The unique strength of the European Convention on Human Rights and Fundamental Freedoms is that its master builders were determined, in the aftermath of a second terrible war in half a century, never again to permit state sovereignty to be a shield for perpetrators of crimes against humanity, from international liability.
Therefore, The European Convention is not only a convention. It is a whole system of different mechanisms and bodies:
- monitoring bodies which have the right to scrutinize what is going on in the member states ;
- an office of the Commissioner for Human Rights;
- a Parliamentary Assembly, a unique network of local and regional authorities;
- a Committee of Ministers which carefully follows the implementation and offers assistance;
- a Venice Commission which gives advice on legislation and constitutional matters.
- And, we have the European Court of Human Rights.
Today, 800 millions Europeans can bring their case to the Court in Strasbourg if they believe their rights, as guaranteed by the European Convention, to be violated. The governments on the European continent can no longer hide behind State sovereignty.
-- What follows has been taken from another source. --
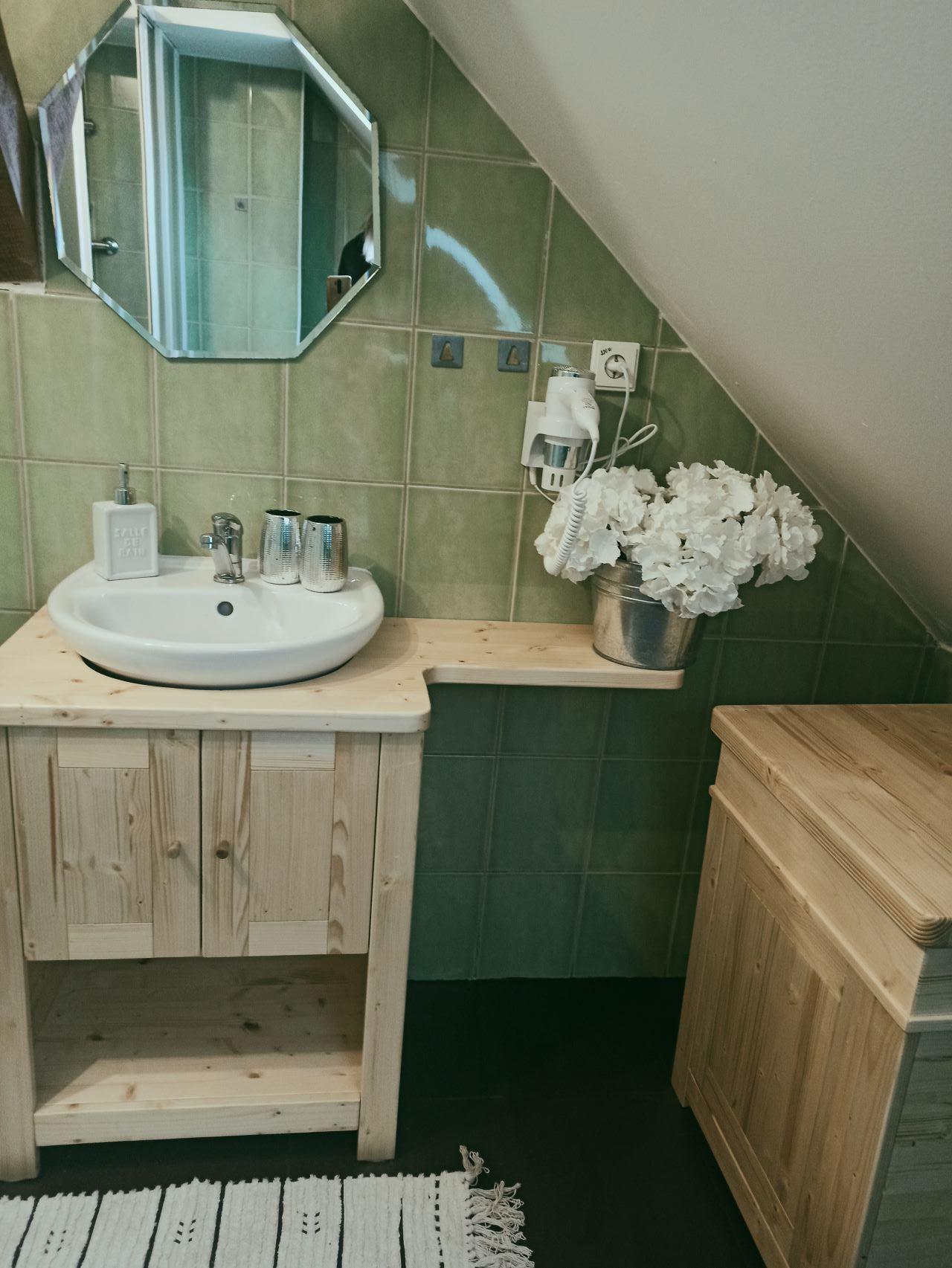 Ubytování Nové Hrady 111 - Apartmány Žiaková foto 4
Their actions are no longer their exclusive jurisdiction.
This is unprecedented in the history of mankind. It is a revolution in the meaning of individuality and the way it can be protected.
This human rights machinery is being run day and night by a committed, able and hardworking staff. My admiration and thanks goes to all of you.
Ladies and Gentlemen,
The past 60 years of the European idea has been about broadening democracy to even more countries on our continent.
Time has now come to renew this great European idea. We must move from broadening to deepening.
Today, migration is not a passing phenomenon. It is part of everyday society. That is why every society has become multicultural.
Today, all of us expect to have our identity respected, be it political, religious or sexual. My concern for the future is that too many people expect their own identity to be respected, but not necessarily that of others.
Too many people seem to shape their own identity in contradiction to others. Too many people see others as a threat to their identity and to their society.
This mindset must be changed.
If we are not able to see something valuable and interesting in those who are different, our coherence will be threatened.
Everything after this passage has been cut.